У нее кровоточит то, что никогда не заживет, не затянется коростой, — душа.

Еще сызмальства она, Морта, знала: с судьбой не поторгуешься. Назначит цену — и плати: неволей и безумием, головой птицы или ногами зверя. Но что бы ни случилось, какую бы судьба не назначила цену, Морта старалась платить любовью.

А что такое любовь, если не боль?

Что такое вера без боли?

Тот, кому не больно, ни во что не верит — обманывает себя и всевышнего ради лишнего червонца, ради лишней десятины земли, ради дьявола, из корысти объявленного богом!

Голова птицы и ноги зверя?

Теперь, в отсутствие Ешуа, Морта как бы вся состояла из такой, плотной и упругой, тысячеглазой и пронзительной боли.

Так, сразу же после новообращения она потребовала от Ешуа, чтобы тот более чем наполовину уменьшил продажу водки.

— Что? — опешил корчмарь. — Одну бутылку, и только?

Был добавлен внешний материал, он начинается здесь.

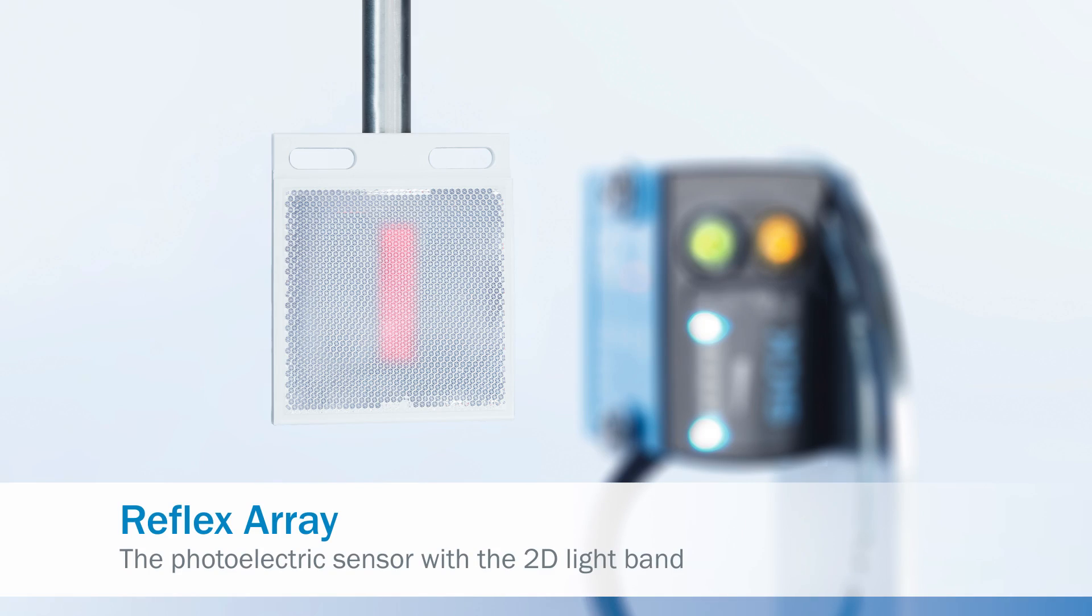Reflex array, the photoelectric sensor with the 2D light band.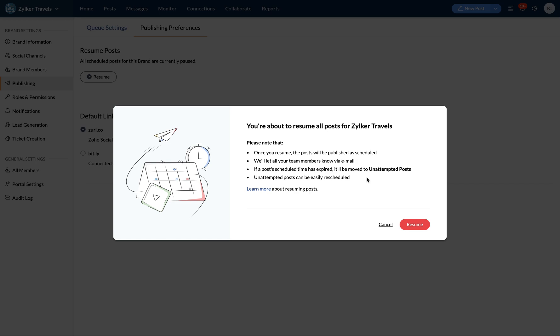All team members who have the publishing permission will get an email notification when the brand admin or portal admin resumes your scheduled posts.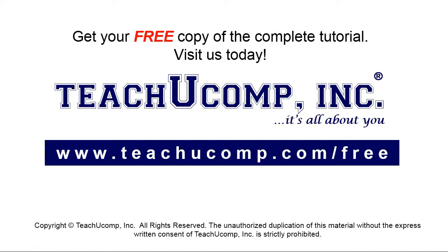Get your free copy of the complete tutorial at www.teachucomp.com/free.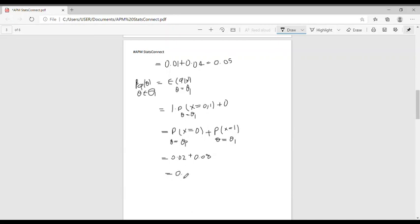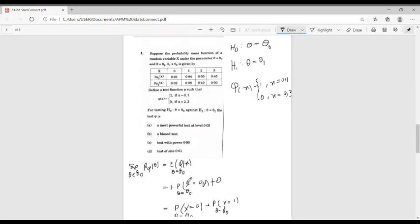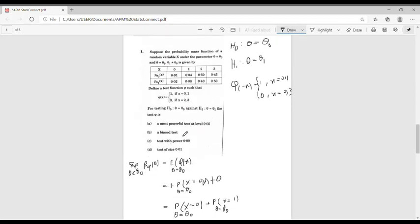Therefore, the power of the test function is equal to 0.1. Now check the options: we obtained the size of the test as 0.05 and the power equal to 0.1. Therefore, both options C and D are wrong.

— Грех наживаться на несчастных.

— Да, — промямлил Ешуа, — но люди требуют… Не дай — разнесут корчму в щепы.

— Ну и пусть разнесут.

— Что ты, Мортяле, говоришь? Ты только подумай: кто мы без корчмы?.. Нищие…

— Милей нищий, чем богач, от которого за версту чужой блевотиной несет.

— Ладно, ладно, — трудно согласился Ешуа.

Перечить Морте он не смел. Хоть и сказано в писании: «Да убоится жена мужа своего», но Морта была женой необычной, среди тысячи только одна такая, может, и попадется — никакими изречениями из писания ее не проймешь, ссылайся на него, не ссылайся, сделает по-своему, и все.

Первое время, до ее беременности, пока Морта крутилась в корчме, Ешуа ни распивочно, ни на вынос больше чем бутылку белого вина не давал.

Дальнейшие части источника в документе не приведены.